» **YOUR INSTRUCTIONS**
The result should be the line with "Paubox HIPAA Breach" followed by every remaining line of the entries, each reproduced exactly, with nothing else.

LISTED RECORDS Block Start

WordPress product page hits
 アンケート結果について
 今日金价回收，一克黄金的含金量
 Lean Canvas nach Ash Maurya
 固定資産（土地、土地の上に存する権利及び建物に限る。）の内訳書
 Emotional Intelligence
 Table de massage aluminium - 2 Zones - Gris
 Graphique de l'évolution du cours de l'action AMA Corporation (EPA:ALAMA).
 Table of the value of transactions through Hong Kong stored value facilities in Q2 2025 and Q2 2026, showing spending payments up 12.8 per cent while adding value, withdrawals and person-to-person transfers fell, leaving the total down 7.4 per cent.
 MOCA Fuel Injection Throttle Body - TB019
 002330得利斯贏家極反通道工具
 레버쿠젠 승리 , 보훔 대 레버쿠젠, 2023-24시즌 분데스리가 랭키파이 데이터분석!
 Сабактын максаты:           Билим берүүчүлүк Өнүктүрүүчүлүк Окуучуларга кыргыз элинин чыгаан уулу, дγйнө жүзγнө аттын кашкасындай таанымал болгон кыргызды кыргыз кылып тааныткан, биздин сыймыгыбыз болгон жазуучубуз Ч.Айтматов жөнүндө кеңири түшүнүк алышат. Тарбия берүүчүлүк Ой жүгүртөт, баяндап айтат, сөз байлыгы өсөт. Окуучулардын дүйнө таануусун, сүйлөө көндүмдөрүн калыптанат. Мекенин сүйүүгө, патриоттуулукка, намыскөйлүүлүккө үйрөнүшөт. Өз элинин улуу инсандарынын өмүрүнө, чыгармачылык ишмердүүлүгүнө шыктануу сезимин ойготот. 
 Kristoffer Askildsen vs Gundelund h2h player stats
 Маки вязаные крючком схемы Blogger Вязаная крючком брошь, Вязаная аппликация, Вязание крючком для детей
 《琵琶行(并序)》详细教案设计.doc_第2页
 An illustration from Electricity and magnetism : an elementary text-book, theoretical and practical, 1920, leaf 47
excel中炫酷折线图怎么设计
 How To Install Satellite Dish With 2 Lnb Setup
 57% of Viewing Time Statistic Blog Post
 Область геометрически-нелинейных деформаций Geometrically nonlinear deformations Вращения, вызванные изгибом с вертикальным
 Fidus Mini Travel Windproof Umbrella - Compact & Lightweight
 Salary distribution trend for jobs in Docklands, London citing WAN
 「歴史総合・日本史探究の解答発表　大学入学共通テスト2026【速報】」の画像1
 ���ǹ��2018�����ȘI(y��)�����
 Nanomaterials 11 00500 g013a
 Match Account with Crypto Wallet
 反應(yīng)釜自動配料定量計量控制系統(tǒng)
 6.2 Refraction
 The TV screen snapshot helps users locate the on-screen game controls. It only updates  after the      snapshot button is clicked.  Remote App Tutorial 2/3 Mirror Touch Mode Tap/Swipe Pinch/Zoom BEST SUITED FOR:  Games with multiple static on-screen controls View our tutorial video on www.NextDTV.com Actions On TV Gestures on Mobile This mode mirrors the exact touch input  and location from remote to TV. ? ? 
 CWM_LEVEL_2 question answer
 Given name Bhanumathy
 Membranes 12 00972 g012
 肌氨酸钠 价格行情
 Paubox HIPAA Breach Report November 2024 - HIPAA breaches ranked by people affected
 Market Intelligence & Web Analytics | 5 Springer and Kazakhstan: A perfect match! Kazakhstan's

LISTED RECORDS Block End

» **EXERCISE ANSWER**
 Paubox HIPAA Breach Report November 2024 - HIPAA breaches ranked by people affected
 Market Intelligence & Web Analytics | 5 Springer and Kazakhstan: A perfect match! Kazakhstan's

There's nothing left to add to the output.